● Task instructions
What follows is a listing; repeat exactly, and only, its lines from the one holding "Happy gay couple" through the last, leaving any pictures out.

● Extracted material
********************

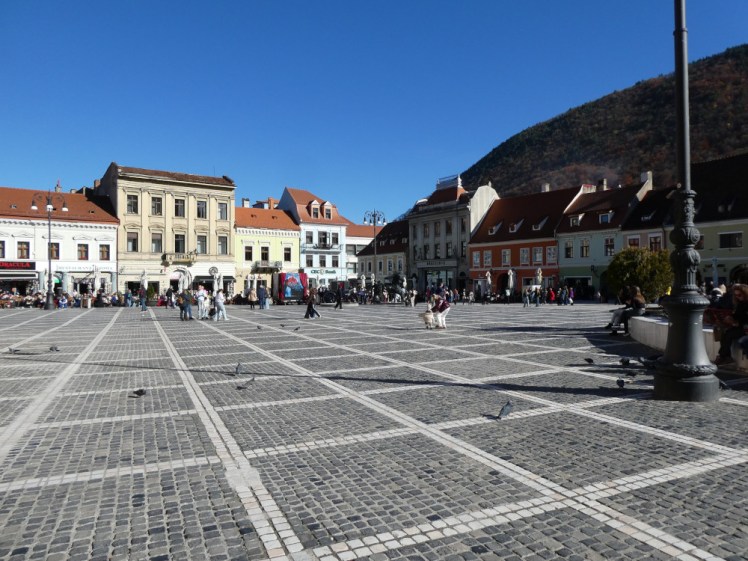 The Council Square in Brasov, with a cobbled floor and medieval-style buildings all around it.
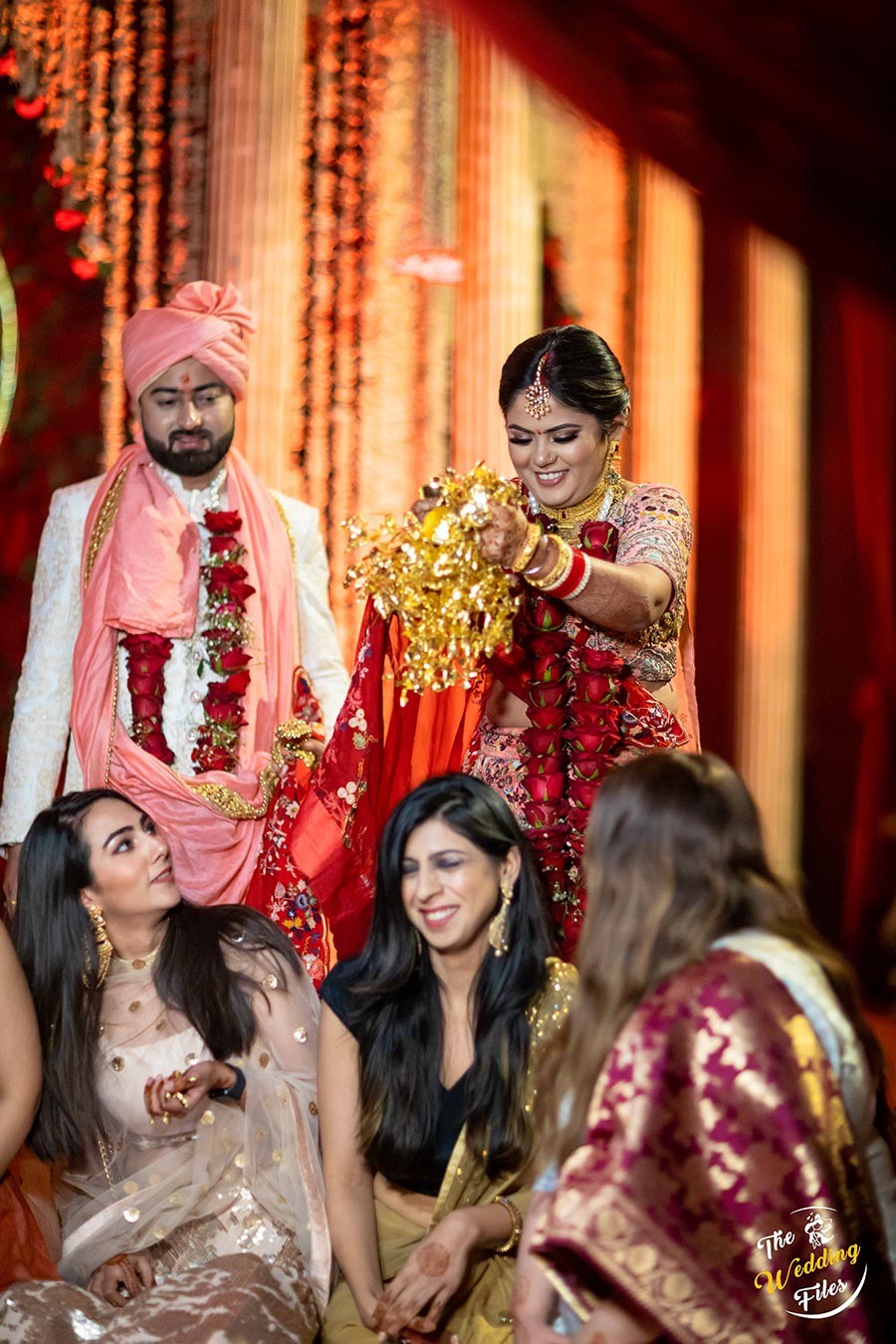 Sanya and Anish in traditional attire during a wedding ritual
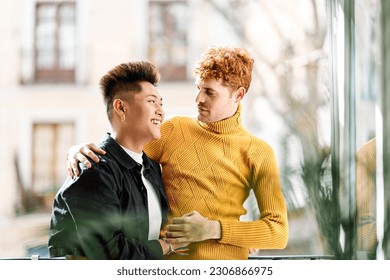 Happy gay couple in the terrace at home - Powered by Shutterstock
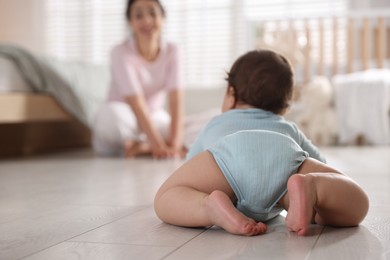 Photo of Mother with her cute little baby on floor indoors, selective focus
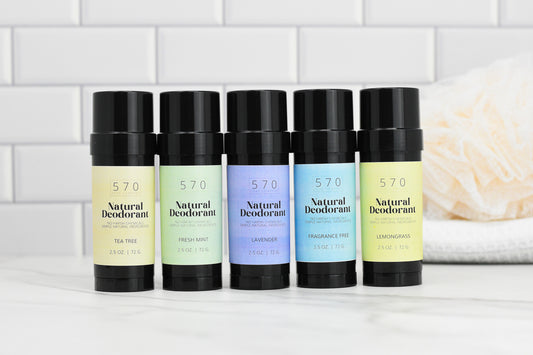 Five black sticks of Natural Deodorant from 570 Soap Co. with vibrant labels, featuring effective odor control and scents such as Tea Tree, Fresh Mint, Lavender, Fragrance-Free, and Lemongrass—all made from natural ingredients—are aligned on a white marble surface. White tiles can be seen in the background.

********************

● Completed task
 Happy gay couple in the terrace at home - Powered by Shutterstock
 Photo of Mother with her cute little baby on floor indoors, selective focus
 Five black sticks of Natural Deodorant from 570 Soap Co. with vibrant labels, featuring effective odor control and scents such as Tea Tree, Fresh Mint, Lavender, Fragrance-Free, and Lemongrass—all made from natural ingredients—are aligned on a white marble surface. White tiles can be seen in the background.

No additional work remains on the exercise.